As a kid, I loved the books of Albert Payson Terhune—he wrote about beautiful, clever, noble collies, and since Cricket is growing up with a dog, I thought one of his books might make a great present—I found one of the same set that I had as a kid, and for only ten dollars. And then I just got upset and put it down and left, wandered into the biography section and finally left without buying anything.

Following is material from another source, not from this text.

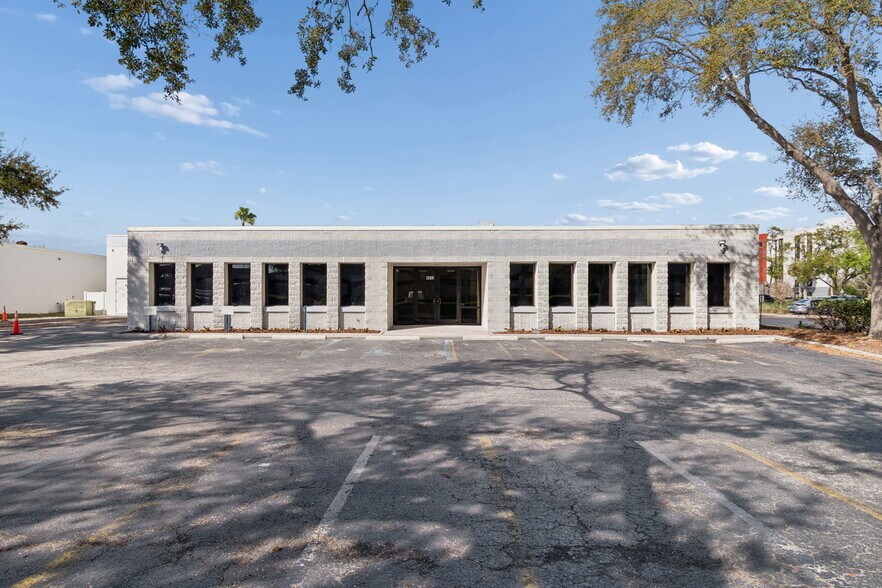 More Photos Of 4913 W Laurel St, Tampa Light Distribution For Sale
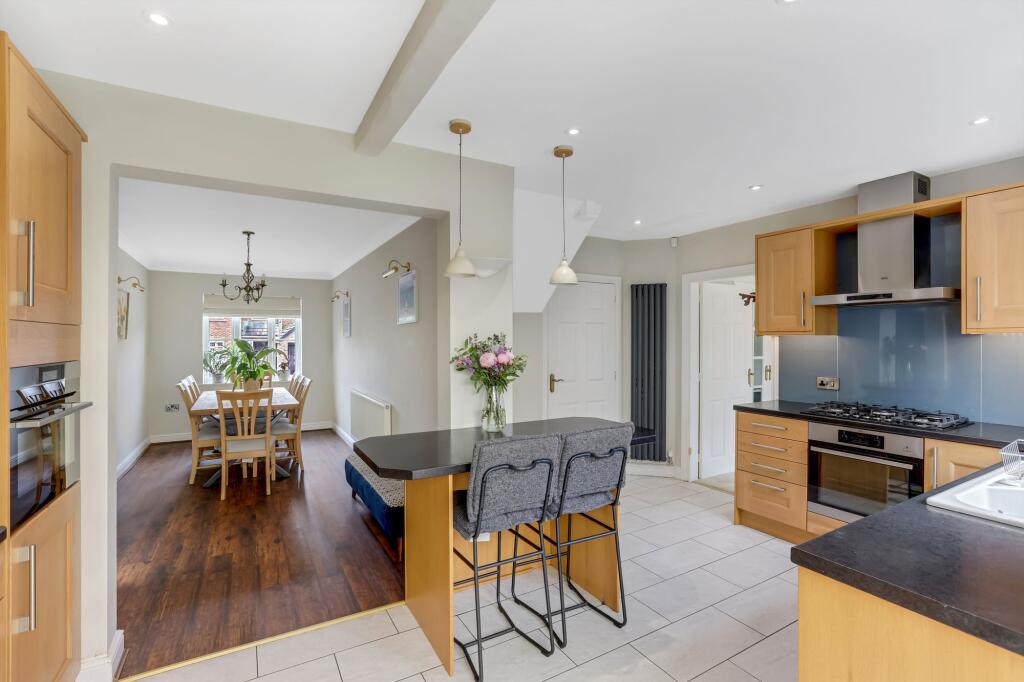House in Gedling, Woodthorpe - More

I have this split in terms of how I feel about the kid. On the one hand, I think that my life would be easier if I could just stop thinking of him as mine at all, think about myself as no more a mother than any woman who has an abortion. I know how ugly this sounds, and how selfish–certainly, even when I’m holding this out as my personal ideal, I never imagine myself contradicting Cricket in his opinions. In some ways, all I am doing now is deciding what I’ll think until he tells me how it’s going to be. But of course it will inform my attitude and decisions, that underlying belief, and so I have to choose the right model. The other hand, of course, is feeling like the other mother; I’m sure I don’t even at my most momly feel as much like his mother as Ruth does, but I do feel some mom things. What do I do? I guess I think that the more I feel like one of his mothers, the more hurt I am going to get. Maybe that’s true for any mother. But when I think of him as my son, I think “I’m not going to see my son this month” or “I wish I could cuddle my son when they visit” or of course the big things like “I would never put my son into daycare.” If he’s not my son, then I’m fine—kids do great under all kinds of different, thoughtful parenting philosophies, and while Ruth and Nora’s differ from mine quite a bit, they are good and loving parents, and why shouldn’t they, e.g., dress him in clothes I would never ever choose? Maybe I could ideally feel like a grandparent; he is very slightly mine, for all that I don’t get to pick or do a lot of bonding.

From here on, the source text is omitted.